The mechanical energy of the ball consists of its kinetic energy (KE) and potential energy (PE) due to its height. At any point during its motion, the total mechanical energy remains constant.
Initially, the ball has only kinetic energy as it is moving vertically upwards. Let's denote the initial kinetic energy as KE_i.
At the highest point of the ball's motion, its velocity becomes zero. Therefore, all the initial kinetic energy is converted into potential energy.

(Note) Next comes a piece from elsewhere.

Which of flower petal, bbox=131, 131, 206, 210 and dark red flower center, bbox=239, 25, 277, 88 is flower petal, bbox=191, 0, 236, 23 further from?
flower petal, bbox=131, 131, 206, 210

The height at this point is the maximum height reached by the ball.
At this maximum height, the potential energy (PE_max) is equal to the initial kinetic energy (KE_i).

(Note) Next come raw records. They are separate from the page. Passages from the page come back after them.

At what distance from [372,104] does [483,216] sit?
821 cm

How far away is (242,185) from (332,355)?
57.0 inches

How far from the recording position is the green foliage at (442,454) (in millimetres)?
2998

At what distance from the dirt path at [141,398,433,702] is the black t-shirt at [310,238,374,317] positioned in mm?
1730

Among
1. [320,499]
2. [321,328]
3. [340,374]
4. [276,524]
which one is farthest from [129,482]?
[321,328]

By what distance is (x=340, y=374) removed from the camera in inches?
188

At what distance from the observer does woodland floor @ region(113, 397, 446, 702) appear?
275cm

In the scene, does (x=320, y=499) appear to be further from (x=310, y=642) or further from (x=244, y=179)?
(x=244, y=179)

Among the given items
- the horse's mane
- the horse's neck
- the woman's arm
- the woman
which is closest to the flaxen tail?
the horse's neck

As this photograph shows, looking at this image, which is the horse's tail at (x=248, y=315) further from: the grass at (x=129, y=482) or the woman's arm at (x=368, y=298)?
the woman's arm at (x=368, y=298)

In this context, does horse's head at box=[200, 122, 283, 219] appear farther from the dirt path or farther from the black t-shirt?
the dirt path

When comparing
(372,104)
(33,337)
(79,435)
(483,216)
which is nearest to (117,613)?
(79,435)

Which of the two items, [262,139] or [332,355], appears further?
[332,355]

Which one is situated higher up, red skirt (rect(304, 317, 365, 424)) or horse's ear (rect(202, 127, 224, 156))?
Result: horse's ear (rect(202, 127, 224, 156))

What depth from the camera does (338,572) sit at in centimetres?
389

Now, we want to find the height at which the kinetic energy becomes half of the initial kinetic energy (KE_i/2).
At any height h, the potential energy is given by the formula:
PE = m * g * h
where m is the mass of the ball and g is the acceleration due to gravity.
Since the total mechanical energy is conserved, we can equate the potential energy at the maximum height (PE_max) to the potential energy at the desired height (PE):
PE_max = PE
m * g * h_max = m * g * h
Canceling out the mass (m) and acceleration due to gravity (g) on both sides:
h_max = h
So, the height at which the kinetic energy becomes half is equal to the maximum height reached by the ball.

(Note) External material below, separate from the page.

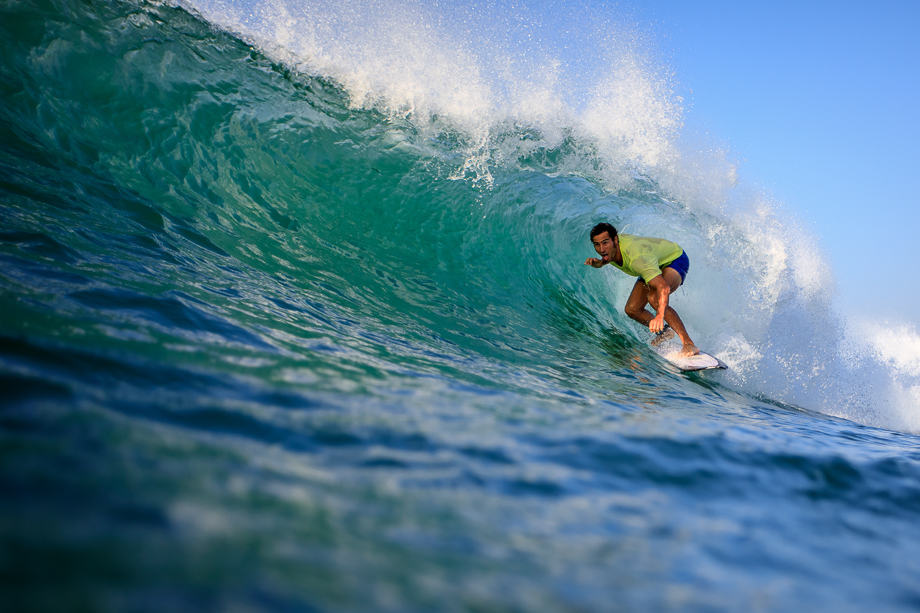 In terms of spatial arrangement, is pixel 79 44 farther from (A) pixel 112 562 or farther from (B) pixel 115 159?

To calculate the maximum height, we can use the equation for potential energy:
PE_max = KE_i
m * g * h_max = KE_i
h_max = KE_i / (m * g)
Given that the initial velocity (v_i) is 20 m/s, we can calculate the initial kinetic energy (KE_i) using the formula:
KE_i = (1/2) * m * v_i^2
Substituting the values, we get:
KE_i = (1/2) * m * (20)^2
Since the mass (m) cancels out when calculating the height, we can disregard it.
Finally, substituting the values into the equation for the maximum height:
h_max = KE_i / (m * g)
h_max = [(1/2) * m * (20)^2] / (m * g)
h_max = (1/2) * (20)^2 / g
Now, we need to know the value of the acceleration due to gravity (g) to calculate the maximum height. The standard value for acceleration due to gravity is approximately 9.8 m/s^2.
Let's calculate the maximum height using this value:
h_max = (1/2) * (20)^2 / 9.8
h_max = 200 / 9.8
h_max ≈ 20.41 meters
Therefore, the height at which the kinetic energy becomes half is approximately 20.41 meters.